Dans les parachiot de Térouma et Tetsavé, la Torah nous décrit le mobilier liturgique du Michkane, lesanctuaire portatif qui allait accompagner les Hébreux dans leurs pérégrinations. Après le arone– l’Arche sainte ; le choul’hane– la Table ; la ménora– le Candélabre, viennent deux objets qui constituent le centre névralgique du service sacré : le mizbéa’h ha’ola et le mizbéa’h hakétoret. Mais si tous deux portent le nom d’autel, force nous est de constater que la comparaison s’arrête là.
Deux autels…
La première différence tient, bien évidement, à l’usage auquel ils se destinent. Comme l’indiquent leurs noms, le premier accueillera les différents sacrifices qui seront offerts au Michkane, tandis que le second servira au brûlement de la kétoret, cet encens si particulier dont la seule fragrance suffisait à éveiller un désir de repentir chez l’homme. La deuxième différence, qui découle partiellement de la première, tient à leur « descriptif technique ». Parce qu’il doit supporter abats, carcasses et autres « morceaux du boucher », le mizbéa’h ha’olaprésente d’imposantes dimensions tandis que le mizbéa’h hakétoret qui n’accueille que les parfums sacrés est de taille plus modeste. Les matériaux qui les composent sont aussi différents : si le premier est rempli de terre et recouvert de cuivre, le second est plaqué d’or et surmonté d’une couronne du même matériau. Une distinction que l’on retrouve dans un autre nom qu’on leur attribue ; le mizbéa’h hané’hochet– l’autel de cuivre et le mizbéa’h hazahav –l’autel d’or. Enfin, la troisième différence relève de l’emplacement qui leur est réservé ; si le premier est placé dans le parvis du Tabernacle, le second a le privilège d’être situé à l’intérieur même de ce lieu saint. D’où le troisième titre qui leur échoit ; le mizbéa’h ha’hitson– l’autel externe et le mizbéa’h hapenimi– l’autel interne.
… et deux modes de vie
Mais comme nous n’allons pas tarder à nous en apercevoir, ces différences sont loin de se cantonner au seul domaine technique. Dans son commentaire sur la Torah, le rav Chimchone Pinkus zatsal nous invite à déceler les puissants messages spirituels symbolisés par les composants du Michkane. À propos des deux autels que nous venons de décrire, il cite une opinion suggérant que ces derniers incarnent deux types de personnes que tout oppose. Car si toutes deux s’efforcent de respecter scrupuleusement le judaïsme, l’état d’esprit qui les caractérise, lui, est radicalement différent…

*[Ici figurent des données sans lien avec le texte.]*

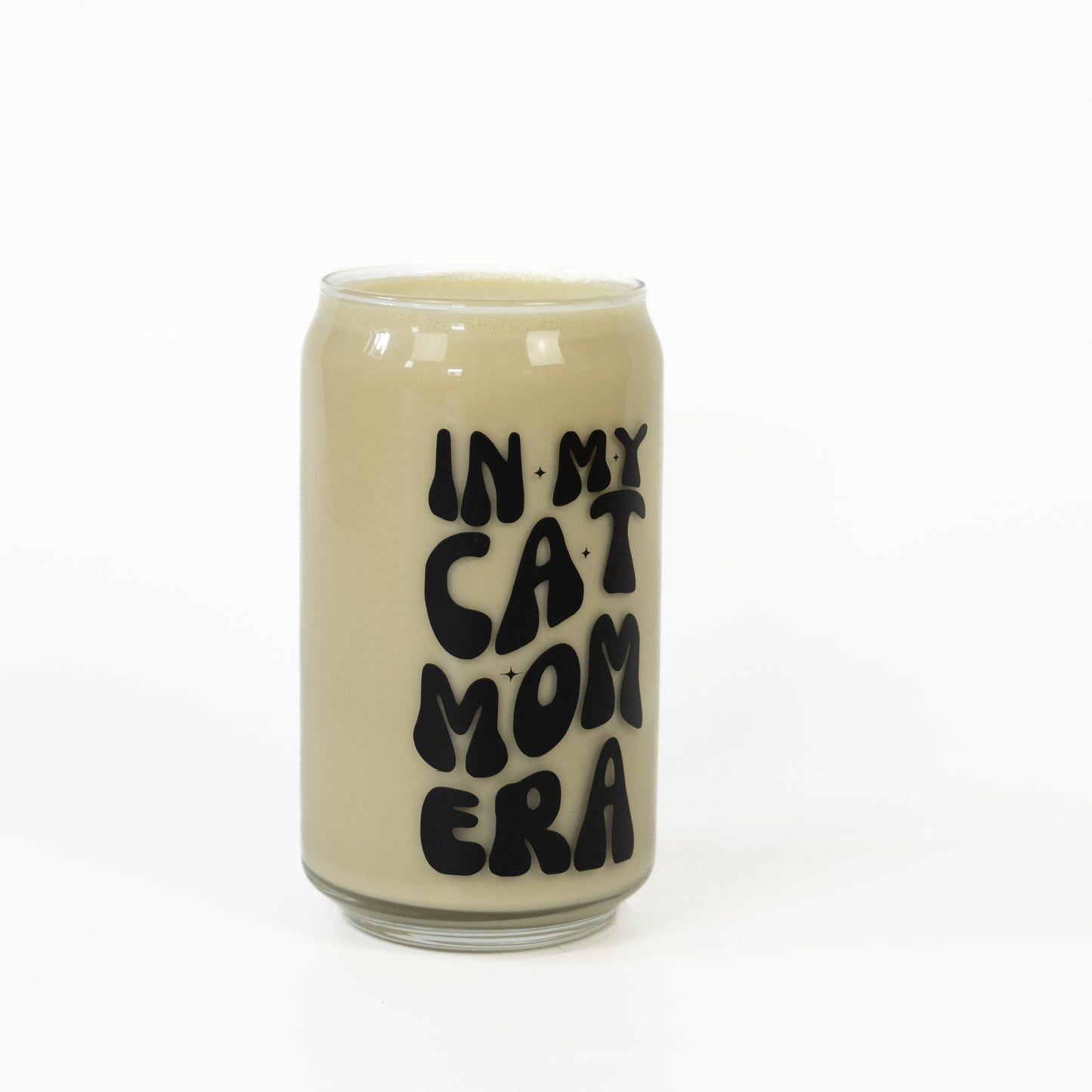 Iced Coffee Glas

Vivre en « Mode Autel de Sacrifice »
La première personne sert Hachem en « Mode Autel de Sacrifice ». Et pour cause, chaque commandement qu’elle accomplit lui demande un effort incommensurable. Et lorsqu’elle se résout finalement à en venir à bout, elle vous dira en soupirant qu’il faut bien « se sacrifier » pour la bonne cause. C’est le genre de personnes qui « se saigne » pour faire ses emplettes dans une épicerie cachère tout en rouspétant que sa note aurait diminué de moitié si seulement elle avait pu se rendre dans la grande surface du coin. C’est le genre de personnes qui « se fait violence » pour suivre les lois de la pudeur tout en maugréant que sa garde-robe aurait pu être plus en vogue si elle avait pu suivre la tendance. Attention, ne la méprenez pas… Elle est irréprochable. Mais sa vie n’en demeure pas moins une triste succession de désirs réprimés et d’envies refoulées. Un tragique enchaînement de devoirs, de privations et de renoncements. Elle n’a guère besoin d’attendre la reconstruction du Temple pour apporter des korbanot. Car sa vie quotidienne se résume en un interminable sacrifice…
Terne comme la terre
Au fait, savez-vous pourquoi elle souffre tant ? Eh bien parce que ce fameux « Mode Autel de Sacrifice » qu’elle a fait sien a un pseudonyme révélateur : c’est le « Mode Autel Externe ». En d’autres termes, cette personne a réduit les commandements divins à de banals rituels superficiels. Et elle a choisi d’occulter la beauté et la pertinence infinies que chacun d’eux abrite. À l’instar de la terre qui comble le vide de l’autel de sacrifice, ses bonnes actions ont le goût de la poussière, le goût du néant. Alors, rien étonnant à ce qu’elle ne trouve pas le moindre plaisir à les accomplir.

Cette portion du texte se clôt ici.